Bagi komunitas pesisir dan pulau-pulau rendah, kenaikan permukaan laut merupakan ancaman yang sangat nyata dan mendesak. Oleh karena itu, mereka harus membangun ketahanan yang kuat untuk dapat bertahan hidup dan pulih dari berbagai bencana terkait iklim.
Harapan baru dari kedalaman laut
Di tengah ancaman tenggelam yang terus membayangi, komunitas pesisir di berbagai belahan dunia, termasuk penduduk Tubigon yang sebagian besar berprofesi sebagai nelayan, tidak tinggal diam.

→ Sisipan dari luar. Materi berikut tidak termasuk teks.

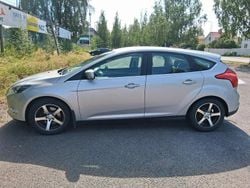 Grå Begagnad 2012 Ford Focus Titanium Halvkombi | 43 000 kr (Bra pris)
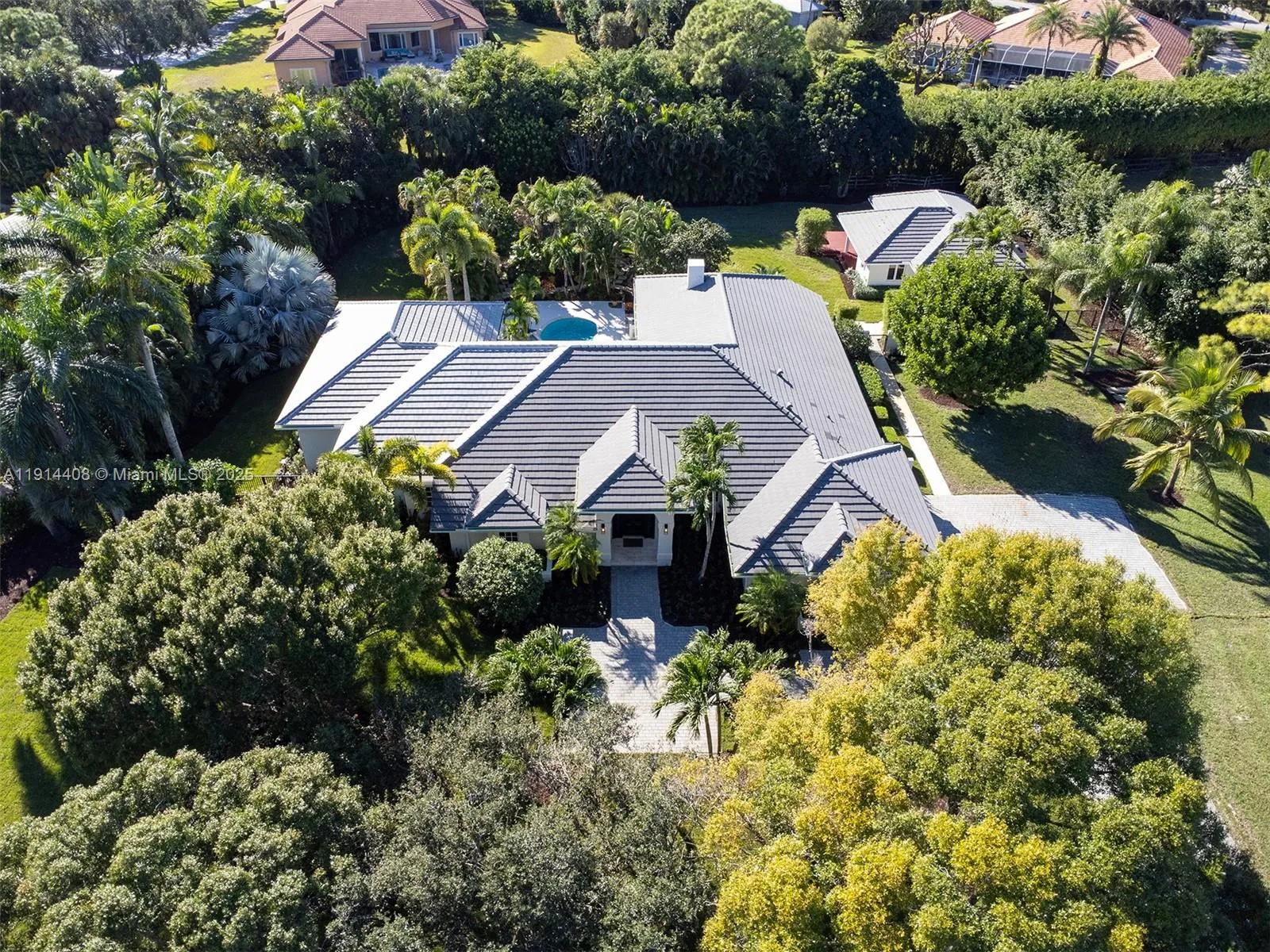 7675 Steeplechase Dr, Palm Beach Gardens FL 33418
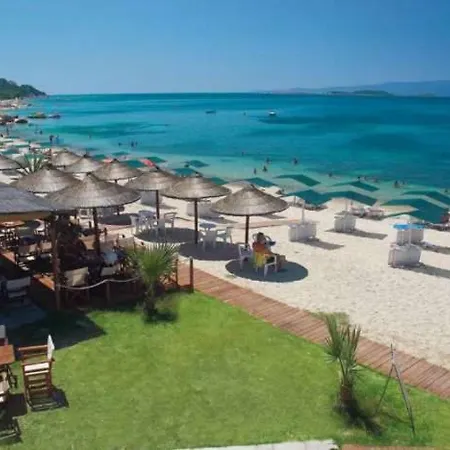 Little Paradise In Front Of The Sea Vakantiehuis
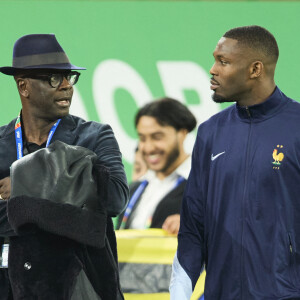 Lilian Thuram a été vu avec son fils Marcus Thuram après la rencontre

Lilian Thuram avec son fils Marcus Thuram - Célébrités dans les tribunes du match du groupe D de l'Euro 2024 entre l'équipe de France face à l'Autriche (1-0) à Dusseldorf en Allemagne le 17 juin 2024. © Cyril Moreau/Bestimage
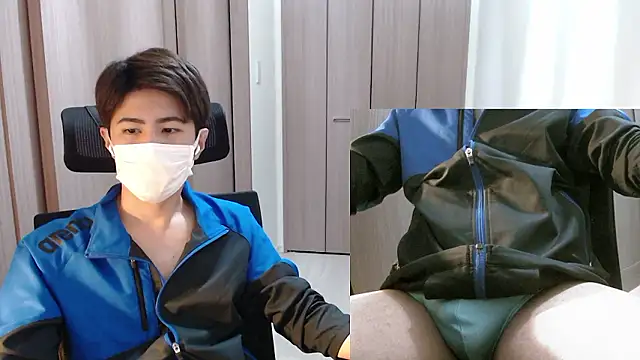Snapshot of ryota_kkk chatting on April 2026 03:05:01 PM ryota kkk online show from April 2026 03:05:01 PM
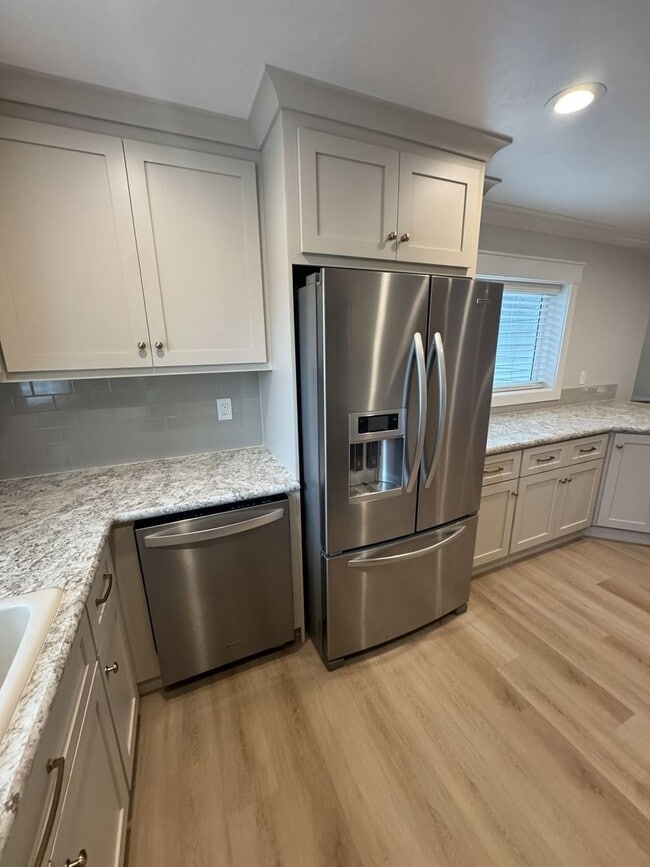 Building Photo - Completely Remodeled 4 Bed, 2 Bath Country Home – 1.5 Acres – Horse & Livestock Friendly!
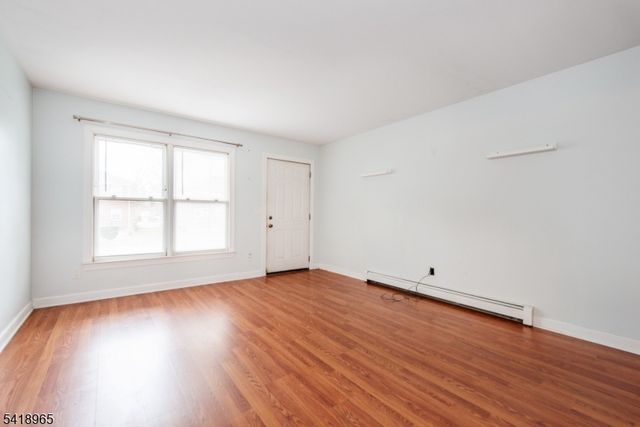 197 Fort Lee Rd, Teaneck Twp., NJ 07666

Mereka telah menunjukkan ketangguhan dan kreativitas yang luar biasa dalam upaya beradaptasi dengan perubahan iklim. Salah satu solusi inovatif yang tengah digali adalah pemanfaatan ekosistem karbon biru, sebuah harta karun tersembunyi yang menyimpan harapan bagi masa depan planet kita.
Baca Juga: Apa Itu 'Blue Carbon'? Benarkah Lebih 'Sakti' dari 'Green Carbon'?
Ekosistem karbon biru adalah istilah kolektif untuk menyebut berbagai ekosistem pesisir seperti mangrove, lamun, dan rawa-rawa pasang surut. Meskipun kurang dikenal dibandingkan hutan hujan tropis, ekosistem-ekosistem ini memiliki peran yang sangat krusial dalam mengatasi perubahan iklim.
Penelitian telah membuktikan bahwa ekosistem karbon biru memiliki kemampuan luar biasa dalam menyerap dan menyimpan karbon dioksida dalam jumlah yang jauh lebih besar dibandingkan hutan daratan. Bahkan, beberapa studi menunjukkan bahwa ekosistem ini dapat menyimpan karbon hingga sepuluh kali lebih efektif.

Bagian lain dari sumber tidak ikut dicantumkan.